Mais il y avait, à chaque instant, ce lien entre nous, ce quelque chose qu'elle n'a qu'avec moi et que je n'ai qu'avec elle. Si puissant.

Je suis heureuse d'être sa mère, et heureuse que ça soit elle ma fille.

Commentaires

1. Le mercredi 23 mai 2012, 10:08 par Pablo

Quis non posset contristari, piam matrem contemplari
dolentem cum filia?

2. Le mercredi 23 mai 2012, 10:12 par Namfarang

Que veux-tu qu'on trouve à dire apres un si beau billet - encore!
Reste plus que le silence ... Et apprécier

(et si l'amie est celle que je pense, chuis cro contente)

3. Le mercredi 23 mai 2012, 10:21 par Sacrip'Anne

Pablo, c'est beau, hein ? soupir.

Nam, on peut se dire des mots doux, comme tu fais. Et oui, je pense que c'est elle, et je suis sûre qu'elle sera contente que tu sois contente :)

4. Le mercredi 23 mai 2012, 10:36 par Florence

Que dire si ce n'est que je te rejoins, encore une fois, tellement dans ce que tu exprimes...un thé au bol bu pendant que nos filles jouent ensemble ? ;) ( je t'ai répondu rapidement en mail)

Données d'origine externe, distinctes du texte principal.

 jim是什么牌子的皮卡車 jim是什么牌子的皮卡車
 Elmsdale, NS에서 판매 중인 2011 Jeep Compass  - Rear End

5. Le mercredi 23 mai 2012, 10:39 par Sacrip'Anne

Merci Florence, et puis oui, le rêve un thé au bol bu et même une crêpe !!! :-*

6. Le mercredi 23 mai 2012, 10:43 par namfarang

youpiiiiieee génial, chuis contente! Vais essayer de retrouver le mail pour lui faire un coucou - je n'osais plus trop ces temps

7. Le mercredi 23 mai 2012, 10:43 par zelda

Je me joins au choeur ... C'est un beau billet dans lequel je me reconnais tellement, et je suis émue de m'y voir, et d'y reconnaître aussi, en fait, le père de mon enfant.

8. Le mercredi 23 mai 2012, 11:30 par Sacrip'Anne

nam, va ! Si tu ne trouves pas je te le donne !

zelda, oui, stabat pater dolorosa, ça marche aussi, bien sûr. C'est beau, ça rend humble, c'est vertigineux, et surtout ça donne du sens à l'idée d'humanité, je trouve, cette sensation universelle qu'on comprend ce que ça veut dire, dans ses tripes, dans sa chair, dans son cœur, non ?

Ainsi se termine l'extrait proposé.